HideShot handles a password entirely inside your browser. The image is loaded from your device into a local canvas; the redaction tools draw on that canvas; the exported PNG is generated by your browser's own rendering code. Nothing about the source file is transmitted to any HideShot server, because there isn't one in the path — the page is static, the JavaScript runs locally, and the only network traffic during the redaction itself is the page load that happened before you uploaded anything. For hide password in screenshot, that means the original never leaves your machine, the redacted version is generated locally, and you can use the tool with Wi-Fi turned off if you want to prove it to yourself.

Step-by-Step: How to Hide A Password with HideShot

  1. Open the HideShot canvas above and drop your image directly onto it, or click the upload area and select the file. The image loads locally — your browser reads it from disk, no upload happens.
  2. Zoom in until a password fills enough of the canvas for you to draw precisely around it. Precision matters: a generous margin protects you against character-edge bleed, but too generous and you cover useful context.
  3. Select passwords with the rectangle or lasso tool. Choose 'Blackout' to cover them with an opaque block.
  4. Sweep the rest of the image for the indirect leaks listed above — any 2FA codes or recovery codes visible nearby, any 2FA codes or recovery codes visible nearby, and anything in the surrounding chrome (URL bar, sidebar, timestamps) that could help a reader reconstruct what you just covered.
  5. Download the finished PNG. The export is a flattened image: the redacted pixels are baked in, the original pixels under your black blocks are gone, and the file is safe to share through whatever channel you were planning.

Common Mistakes When Hiding A Password

Sharing the screenshot anywhere and assuming a password change later will fix it.
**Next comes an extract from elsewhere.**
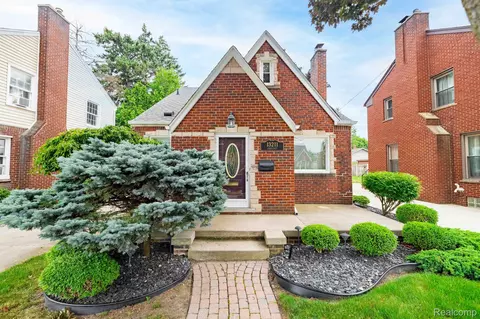 13211 Chestnut St, Southgate, MI 48195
Once shared, assume captured. Rotate the password before sharing, redact for the receiver's reference, and rotate again after. Reused-password lists circulate for years.

Covering the password but leaving the recovery-code grid visible. Recovery codes function as permanent backdoor passwords. Treat them with at least the same care as the primary password.
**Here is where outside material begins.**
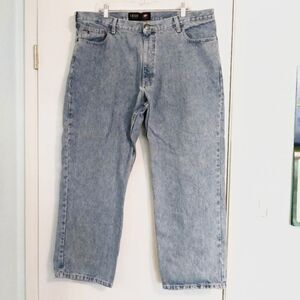 42x30 Izod Men's Light Wash Relaxed Fit Jeans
Using a single black bar that doesn't cover the password's pixel-shadow edges — bold fonts often render with antialias halos that survive a tight crop. Bold passwords have visible character height even under a moderate bar. Use a tall, wide rectangle with generous margin, especially on retina-density captures.
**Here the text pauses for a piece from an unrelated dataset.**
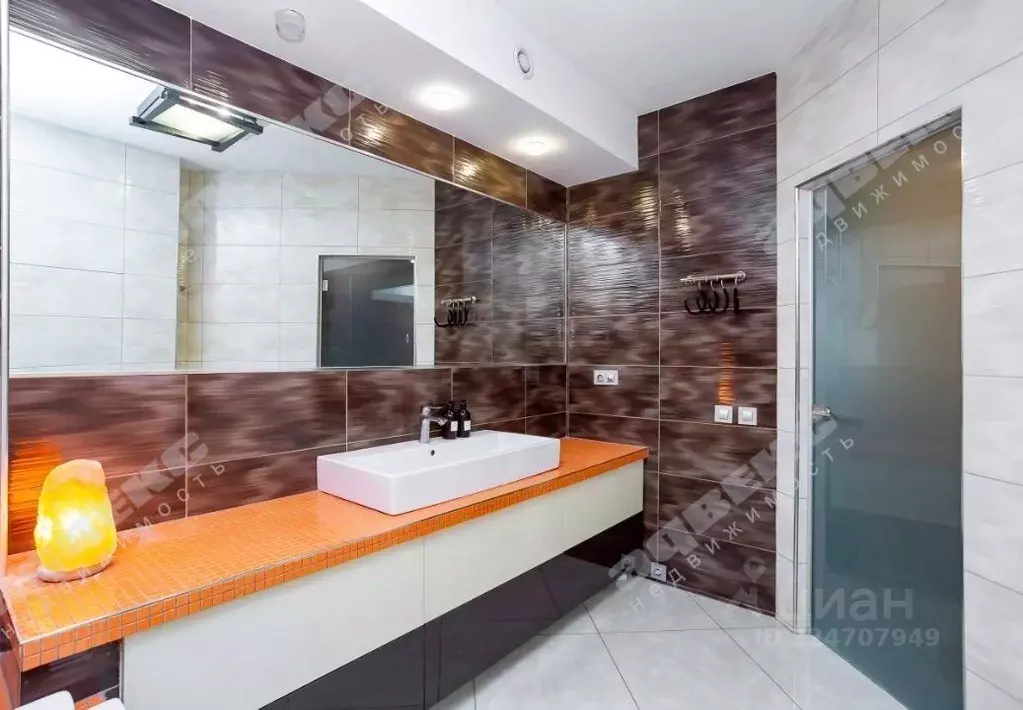 3-к кв. Санкт-Петербург Гжатская ул., 22к3 (86.4 м) - Фото 1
Black Out vs Blur vs Pixelate — Which to Use

For hide password in screenshot, the three options behave differently. Blur is fast and visually soft, but at small radii the original shape of passwords survives well enough for OCR or human reconstruction at 2x zoom. Pixelation breaks passwords into colored blocks — at 12-16 pixel block size it defeats both human reading and modern depixelation models, and it's the right choice when you want visible 'something was here' without revealing the data. Black-out (solid opaque block) is the strongest option: there is no signal under the block to reconstruct, and reviewers immediately understand the field was intentionally hidden. Hiding passwords with a solid block is the most reliable choice. Blur reads as softer but allows reconstruction at low radii.